* _What you need to do_:
Could you restate word for word every line from the one containing "Trở Thành Người" to the end of the records, and nothing else?
Start of Provided data
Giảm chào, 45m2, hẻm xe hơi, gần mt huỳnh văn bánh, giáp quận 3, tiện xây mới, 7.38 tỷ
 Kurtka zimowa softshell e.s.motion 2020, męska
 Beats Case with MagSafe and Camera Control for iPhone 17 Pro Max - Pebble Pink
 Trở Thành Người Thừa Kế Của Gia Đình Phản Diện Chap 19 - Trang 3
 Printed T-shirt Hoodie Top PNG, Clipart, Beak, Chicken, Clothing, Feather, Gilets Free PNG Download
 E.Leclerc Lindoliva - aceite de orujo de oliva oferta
End of Provided data
* _Result for this task_:
 Trở Thành Người Thừa Kế Của Gia Đình Phản Diện Chap 19 - Trang 3
 Printed T-shirt Hoodie Top PNG, Clipart, Beak, Chicken, Clothing, Feather, Gilets Free PNG Download
 E.Leclerc Lindoliva - aceite de orujo de oliva oferta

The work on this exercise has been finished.